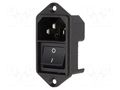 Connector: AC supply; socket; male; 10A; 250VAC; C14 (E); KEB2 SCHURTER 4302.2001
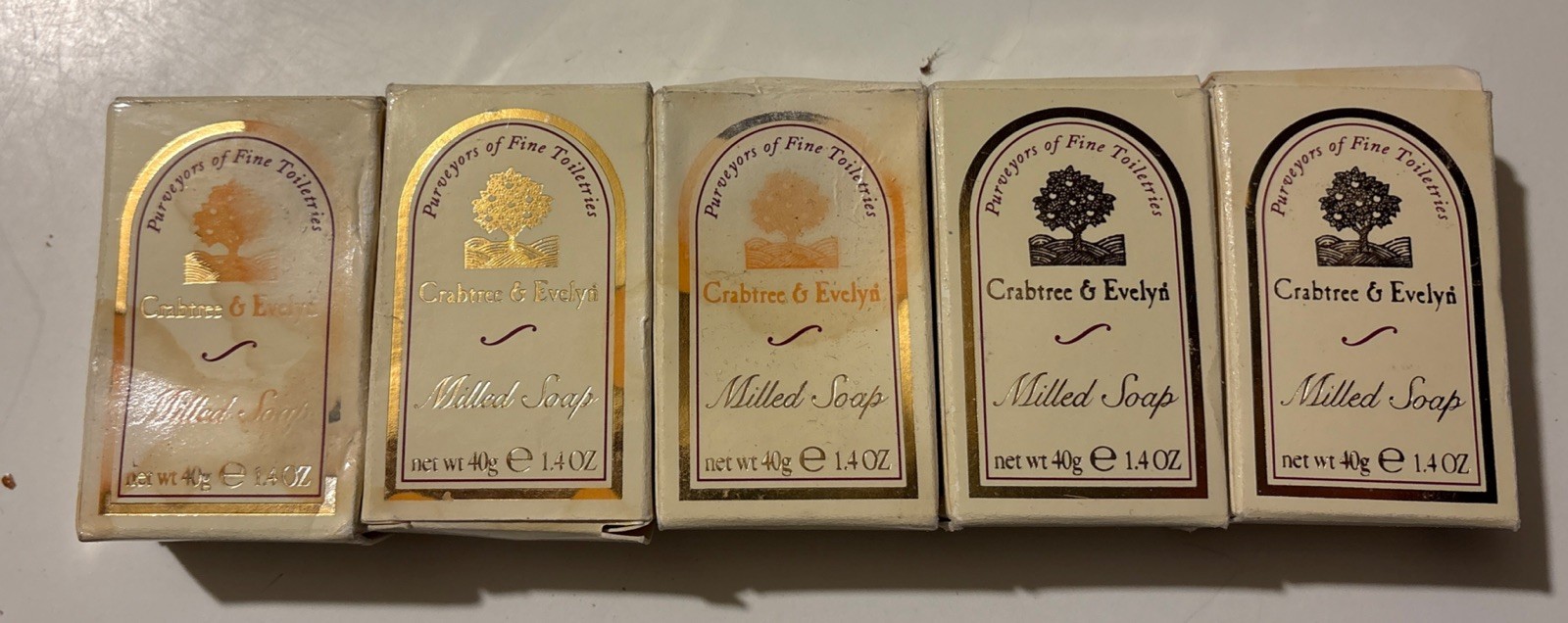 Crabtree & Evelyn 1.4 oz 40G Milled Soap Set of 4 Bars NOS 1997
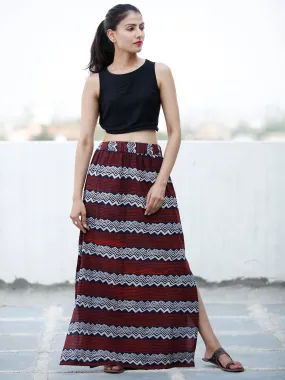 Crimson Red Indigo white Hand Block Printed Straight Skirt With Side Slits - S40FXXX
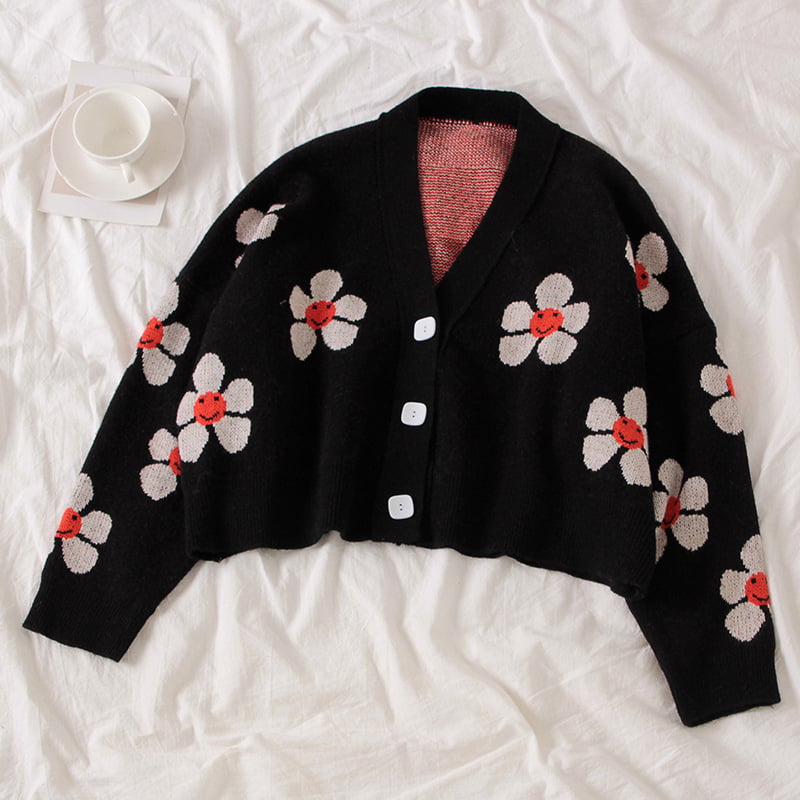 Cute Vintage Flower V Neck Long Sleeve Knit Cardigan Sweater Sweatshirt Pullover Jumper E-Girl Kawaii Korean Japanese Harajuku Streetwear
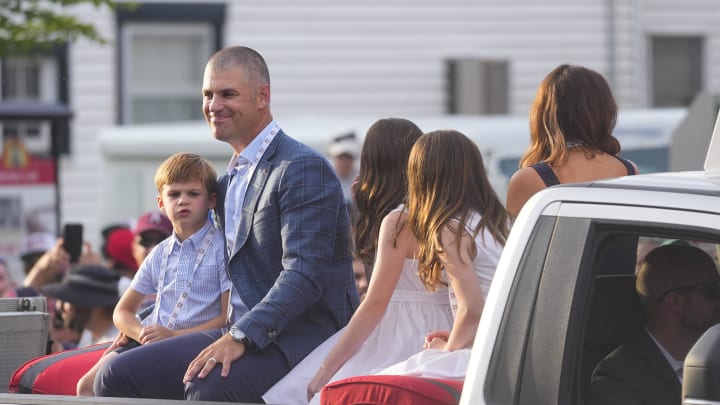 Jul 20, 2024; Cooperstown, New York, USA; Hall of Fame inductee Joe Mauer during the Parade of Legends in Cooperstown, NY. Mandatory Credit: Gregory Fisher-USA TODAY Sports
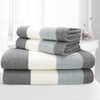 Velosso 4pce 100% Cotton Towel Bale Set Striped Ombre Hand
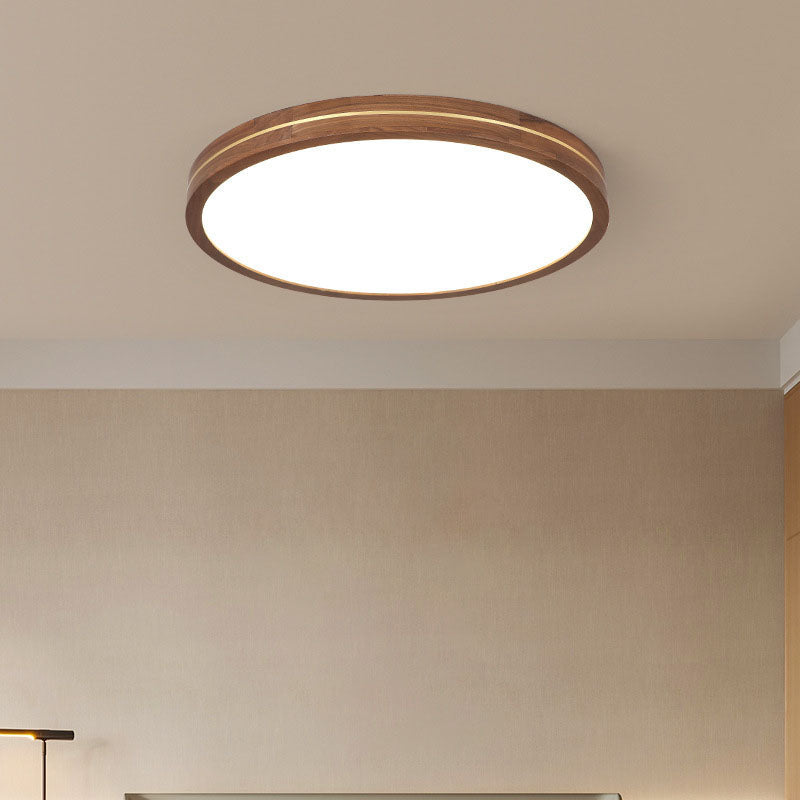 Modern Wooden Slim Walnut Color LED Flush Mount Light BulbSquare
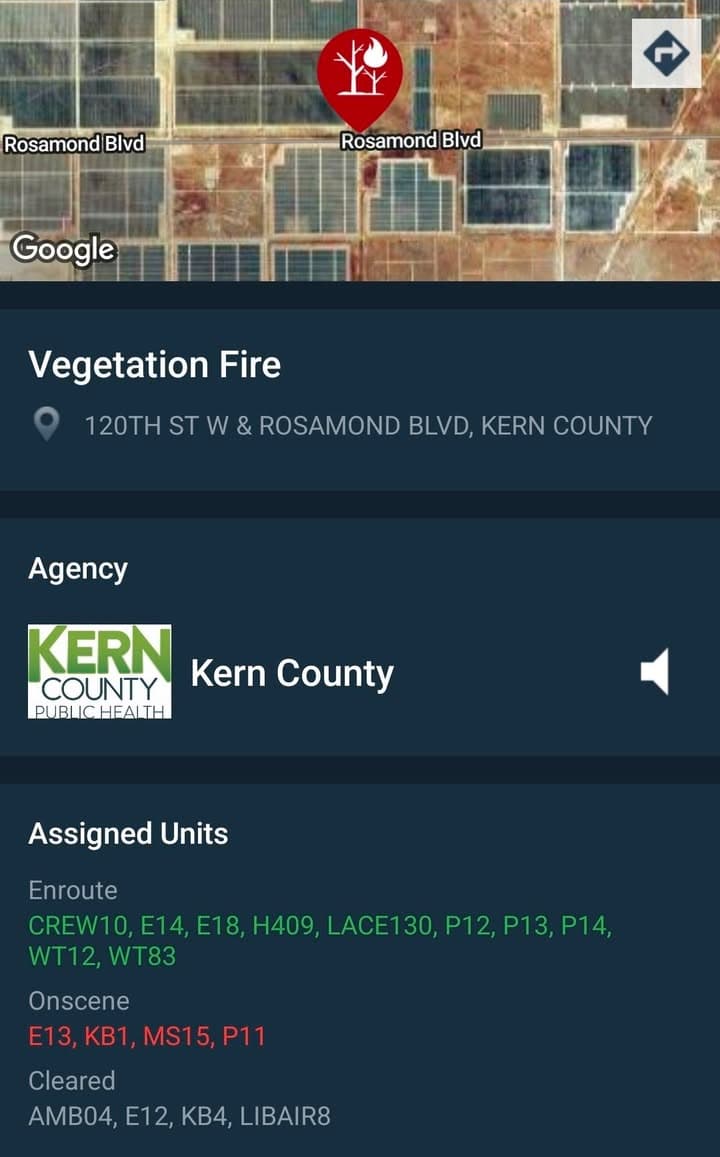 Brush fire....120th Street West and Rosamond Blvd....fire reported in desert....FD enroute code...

§ **Assignment**
Each line of the data must be transcribed exactly; pictures are not carried over.

§ **Output of the exercise**
 Connector: AC supply; socket; male; 10A; 250VAC; C14 (E); KEB2 SCHURTER 4302.2001
 Crabtree & Evelyn 1.4 oz 40G Milled Soap Set of 4 Bars NOS 1997
 Crimson Red Indigo white Hand Block Printed Straight Skirt With Side Slits - S40FXXX
 Cute Vintage Flower V Neck Long Sleeve Knit Cardigan Sweater Sweatshirt Pullover Jumper E-Girl Kawaii Korean Japanese Harajuku Streetwear
 Jul 20, 2024; Cooperstown, New York, USA; Hall of Fame inductee Joe Mauer during the Parade of Legends in Cooperstown, NY. Mandatory Credit: Gregory Fisher-USA TODAY Sports
 Velosso 4pce 100% Cotton Towel Bale Set Striped Ombre Hand
 Modern Wooden Slim Walnut Color LED Flush Mount Light BulbSquare
 Brush fire....120th Street West and Rosamond Blvd....fire reported in desert....FD enroute code...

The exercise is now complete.